Context
- Kuwait’s National Assembly committee has recently approved a draft expat quota bill in seeking to reduce the number of foreign workers from Kuwait.
- The Prime Minister has proposed to reduce the number of expats from 70% to 30% of 4.3 million populations in the country.
- The bill has been introduced mainly on account of addressing a slump in oil prices and the coronavirus pandemic.
Why?
- The bill has been introduced mainly on account of addressing a slump in oil prices and the coronavirus pandemic.
- There are currently about 3 million expatriate population, whereas Kuwaitis are merely making up 1.3 million of the total population in the country.
- It is pointed out that there is a serious problem in population structure where more than two-thirds of the population are expatriates.
Implications on India:
- It is interesting to note that in Kuwait the size of the expatriate population is about 3 million, of which the Indian community constitutes about 45 million, the largest expatriate community in the country.
- This is almost half of the expatriate population in Kuwait.
- If the Expat Bill becomes the law, India too will be severely affected as this may force about 8, 00,000 Indians to leave Kuwait.
- In accordance with this Bill, Indians should not exceed 15% of the total population in Kuwait.
- Consequently, it would substantially reduce the number of remittances flowing into India. Kuwait is considered to be one of the major sources of remittances for India.
- It is found that India received nearly $4.8 billion from Kuwait as remittances in 2018. This is quite a huge amount that came from Kuwait.
- It is also reported by the Indian embassy in Kuwait that there are about 28,000 Indians working for the Kuwaiti Government in various jobs like nurses, engineers in national oil companies and a few as scientists.

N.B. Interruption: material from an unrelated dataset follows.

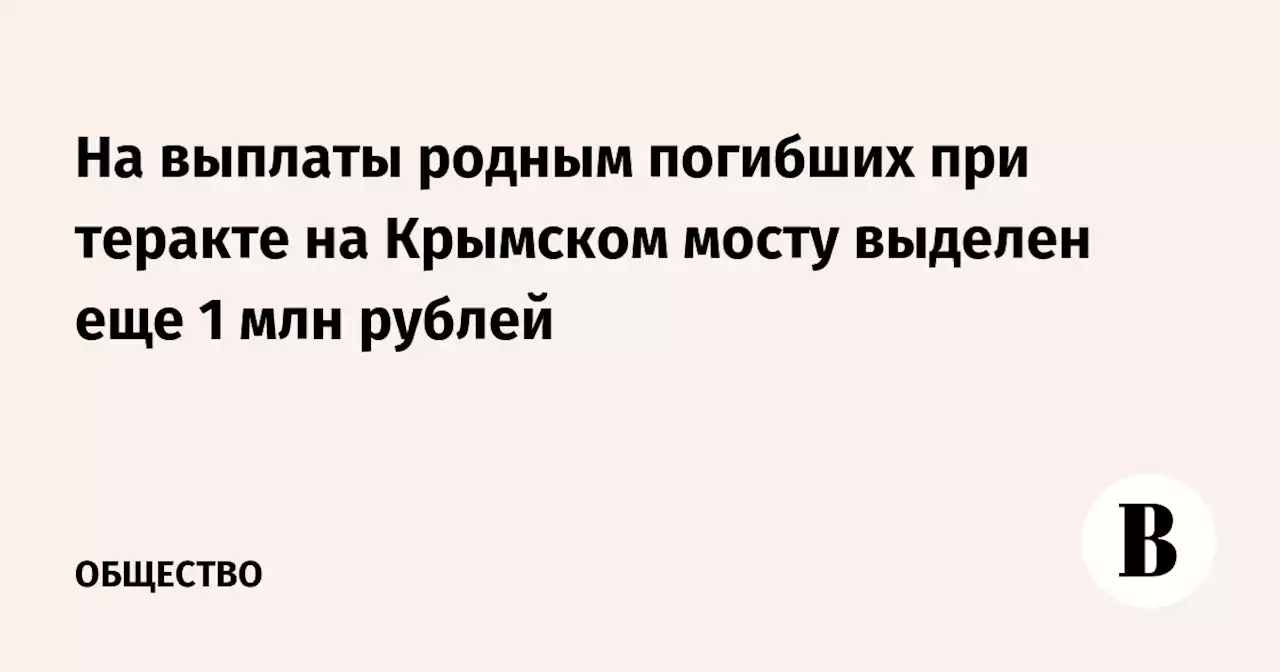 На выплаты родным погибших при теракте на Крымском мосту выделен еще 1 млн рублей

- It is important to note that the majority of Indians (5.23 lakh) are employed in private In addition, there are about 1.16 lakh dependents.

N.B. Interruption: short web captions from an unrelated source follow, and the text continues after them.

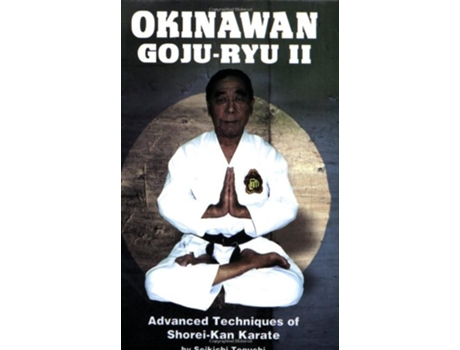 Livro Okinawan GojuRyu II Advanced Techniques of ShoreiKan Karate Literary Links to the Orient de Seikichi Toguchi (Inglês)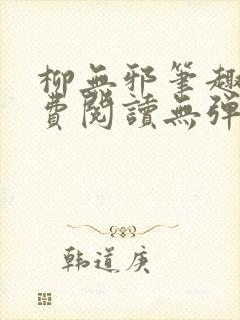 柳无邪笔趣阁免费阅读无弹窗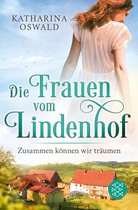 Die Lindenhof-Saga 2 - Die Frauen vom Lindenhof - Zusammen können wir träumen
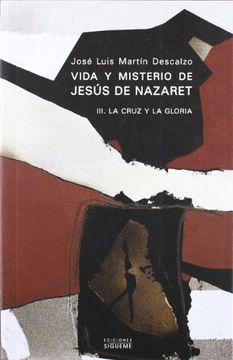 portada Vida y Misterio de Jesús de Nazaret Iii: La Cruz y la Gloria: 3 (Nueva Alianza) (in Spanish)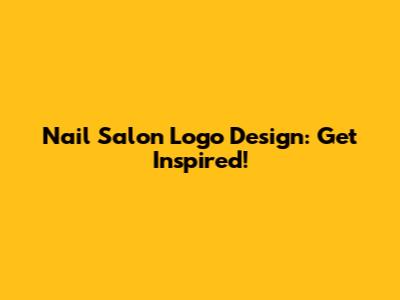 Nail Salon Logo Design: Get Inspired!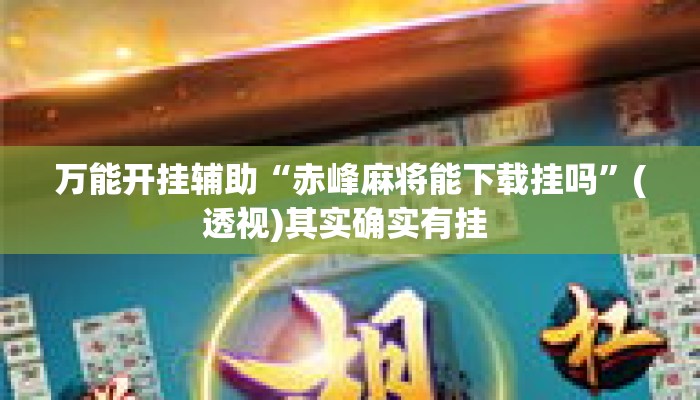 万能开挂辅助“赤峰麻将能下载挂吗”(透视)其实确实有挂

- Out of these, there are about 60,000 Indian students studying in 23 Indian schools in the country. Private sectors have to consider their own economic wisdom while deciding the employees.
- This kind of localization policy has been brought by many Gulf States but has never been successful in reducing the size of expatriate workers in the GCC countries.
Way Forward
- The presence of Indian workers is not going to be affected in the Gulf countries especially in Kuwait in the long term.
- However, Indian workers are to be returned to India due to the present global crisis created by Covid-19 Pandemic.
- India should be ready to bring back them and use their skills for national development in our country.
- Again, there will an opportunity soon after the crisis gets over.
- India must use our human resource by providing appropriate skills and training that could meet the requirement of the labour market in India and abroad in the coming days.
Back to Basics
- The six countries that make up the Gulf Cooperation Council are Saudi Arabia, the United Arab Emirates (UAE), Bahrain, Kuwait, Oman and Qatar.
- They host the majority of the estimated 23 million migrant workers living in the Arab states, most under the kafala system that binds them to the employer as reported by Amnesty International.
- The Gulf Cooperation Council (GCC) countries are in fact emerging as one of the major sources of the destination of millions of immigrants especially from the South Asian countries such as India, Bangladesh, Sri Lanka, and Pakistan and now Nepal.
- The six GCC countries together constitutes over more than 52 per cent of the non-nationals in their population.
- The six GCC states host almost 30 per cent Indian community of the total expatriate in the region.